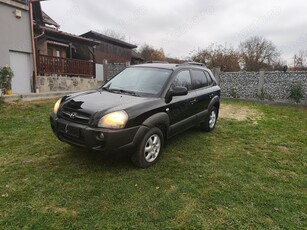 Hyundai tucson 2006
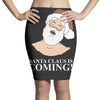santa is coming Pencil Skirts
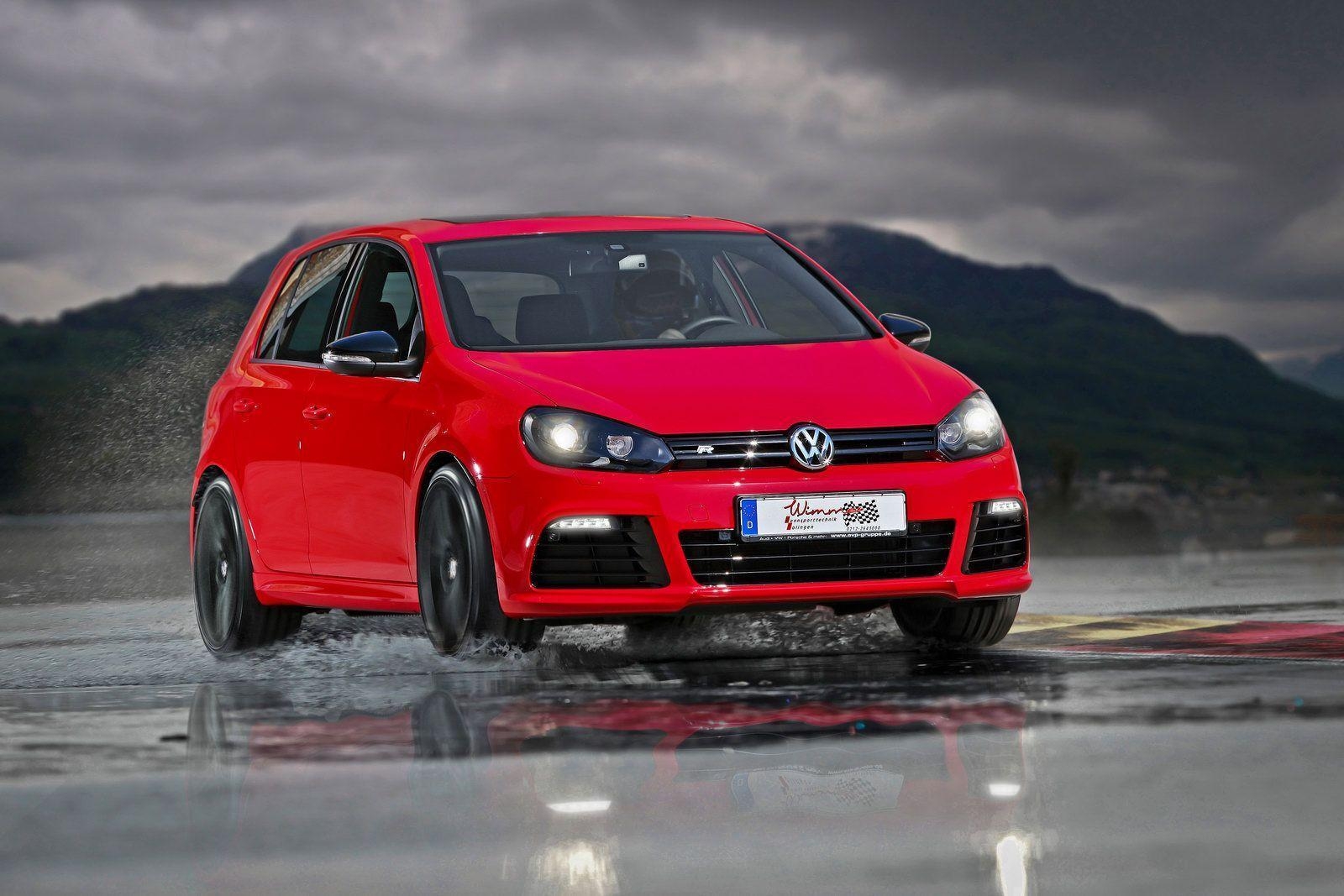 1600x1070 wallpaper: Golf 6 R Wallpaper, Desktop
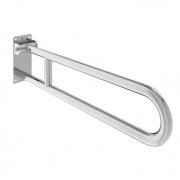 Опорний поручень для ванної Roca Access Comfort рухливий 80 см хром A816933001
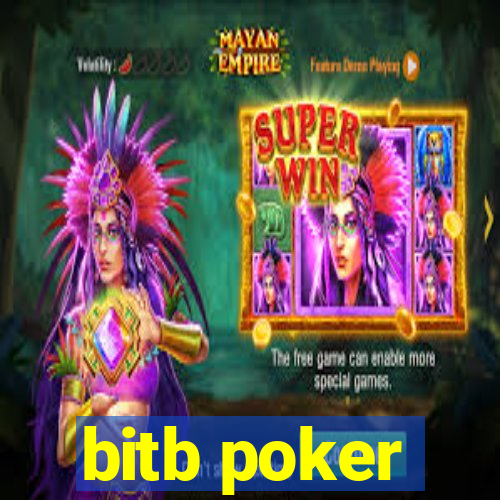 bitb poker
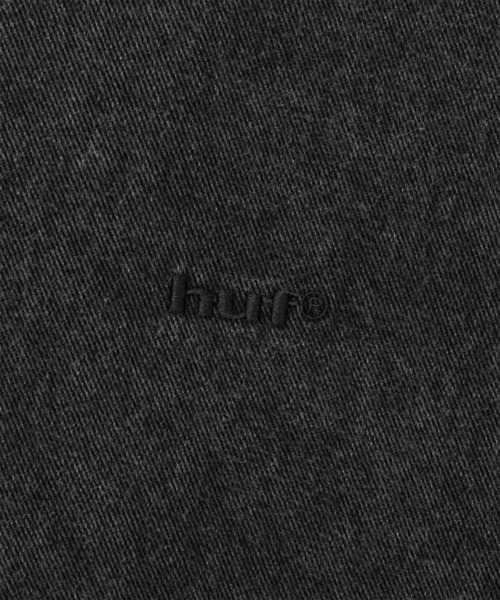 HUF（ハフ）の「HUF eightynine WASHED FULL ZIP HOODIE（パーカー・メンズ・ブラック/パープル/オリーブ/グレー系その他・M/L/S/XL）」の16枚目の写真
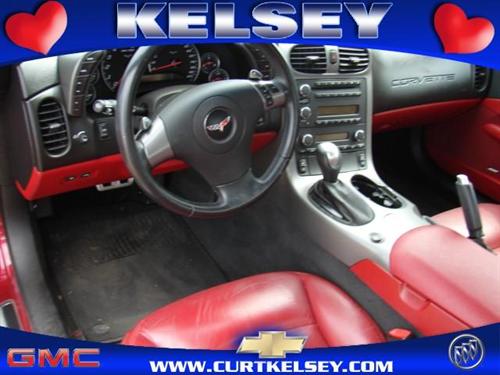 Chevrolet Corvette 2007 photo 5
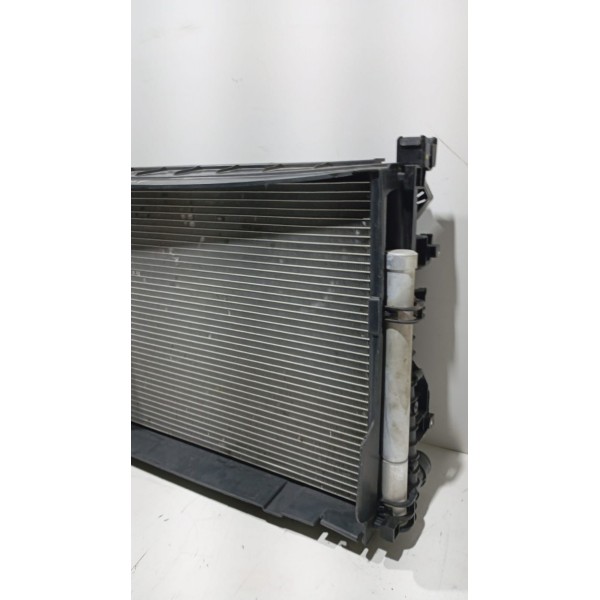 Kit Conjunto Radiador Renault Captur 1.6 16v 17 A 21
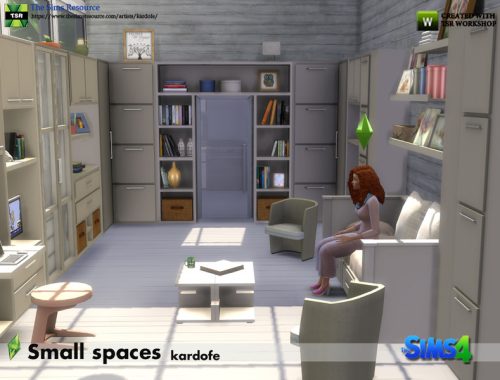 kardofe_Small spaces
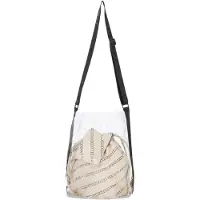 DAY ET Axelväska - Bucket - Månsken Beige - - One Size - Axelväska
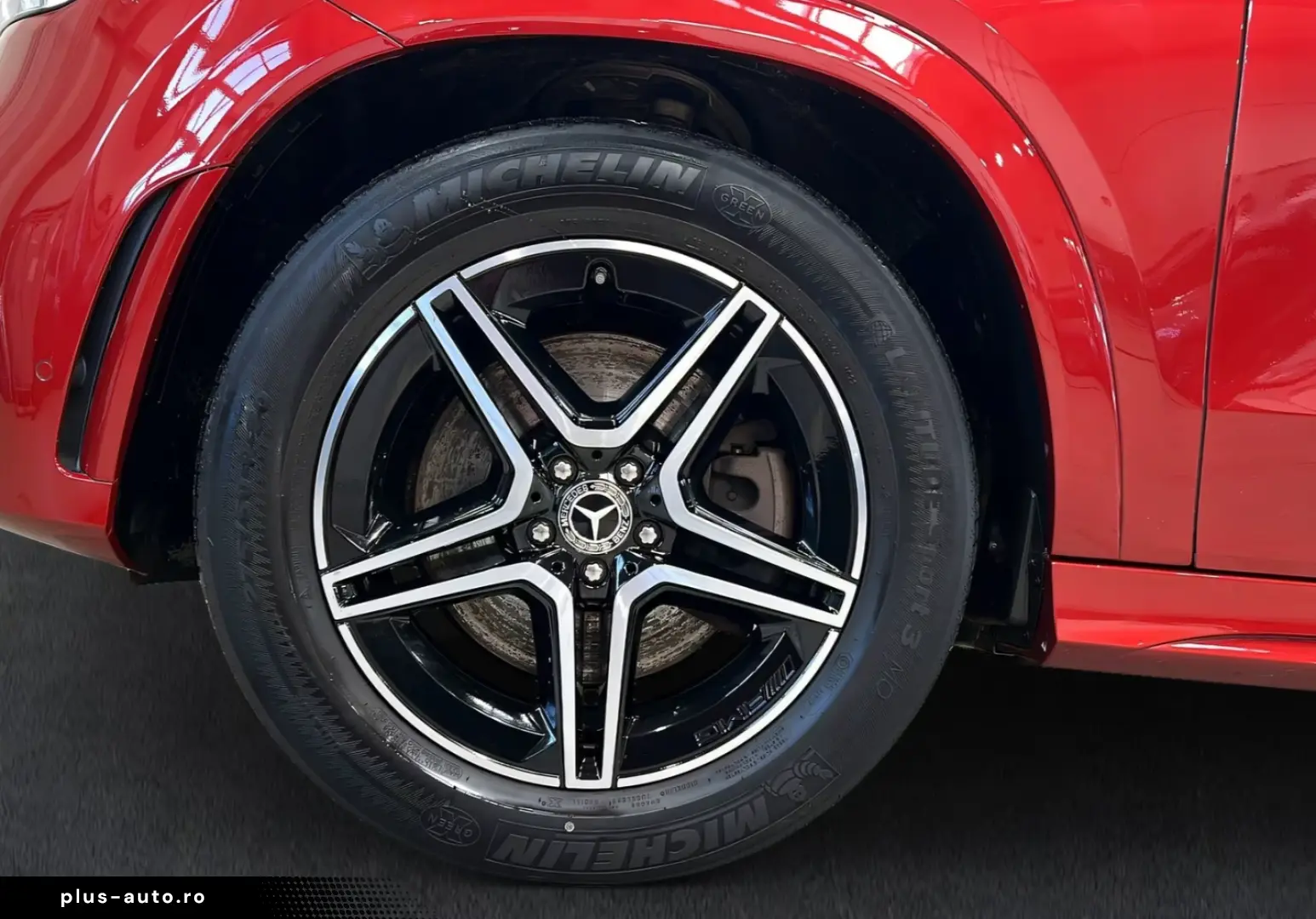 Mercedes-Benz GLE 350de 4M AMG DISTRO Pano Memo 360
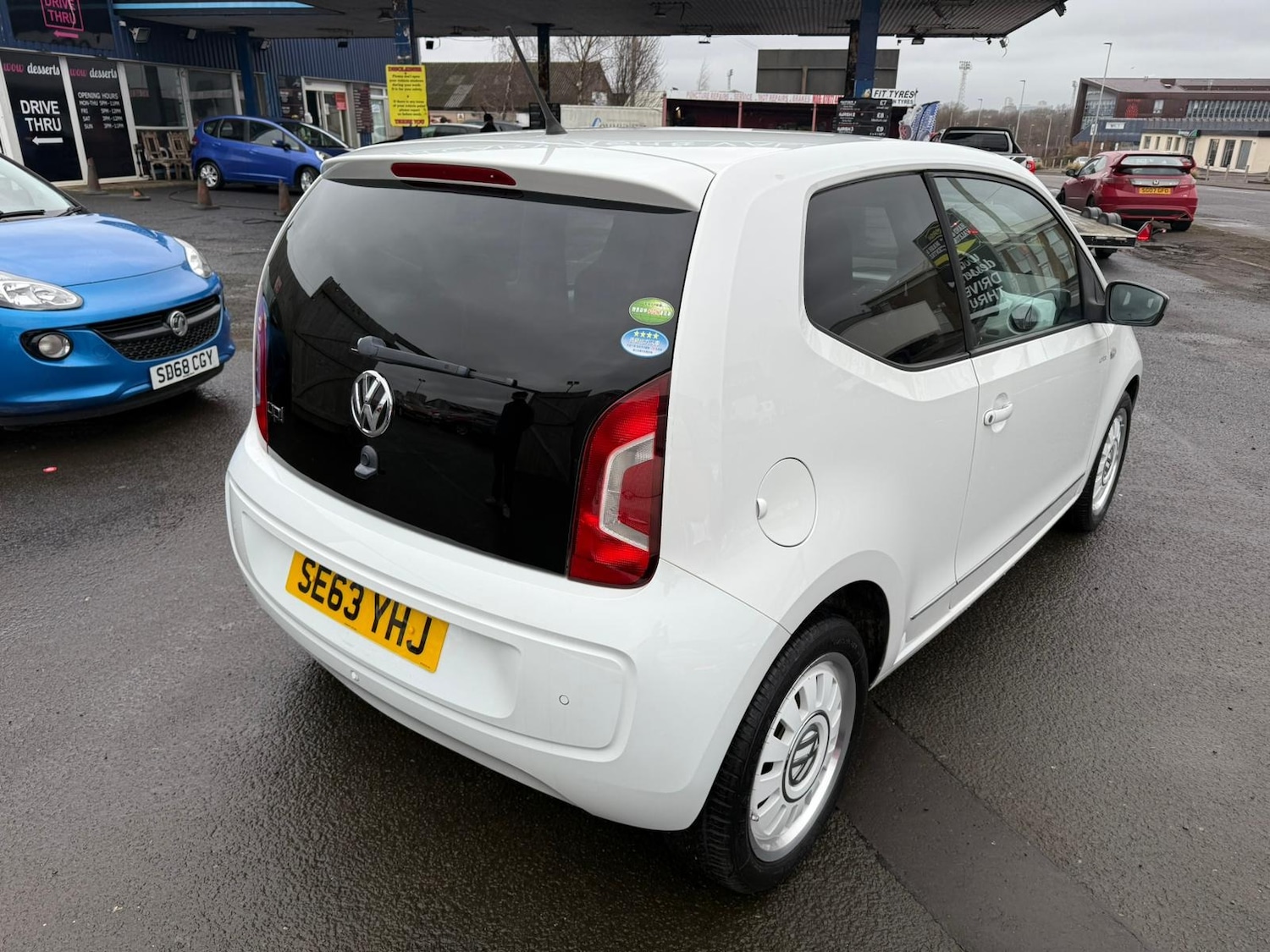 Used Volkswagen up! 2026 for sale - 77640390: Photo 8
────────────────
Directions:
The lines to retype begin with the one containing "Chevrolet Corvette 2007 photo 5" and end with the last line of the records. Reproduce them exactly and omit the pictures.

Finished exercise:
 Chevrolet Corvette 2007 photo 5
 Kit Conjunto Radiador Renault Captur 1.6 16v 17 A 21
 kardofe_Small spaces
 DAY ET Axelväska - Bucket - Månsken Beige - - One Size - Axelväska
 Mercedes-Benz GLE 350de 4M AMG DISTRO Pano Memo 360
 Used Volkswagen up! 2026 for sale - 77640390: Photo 8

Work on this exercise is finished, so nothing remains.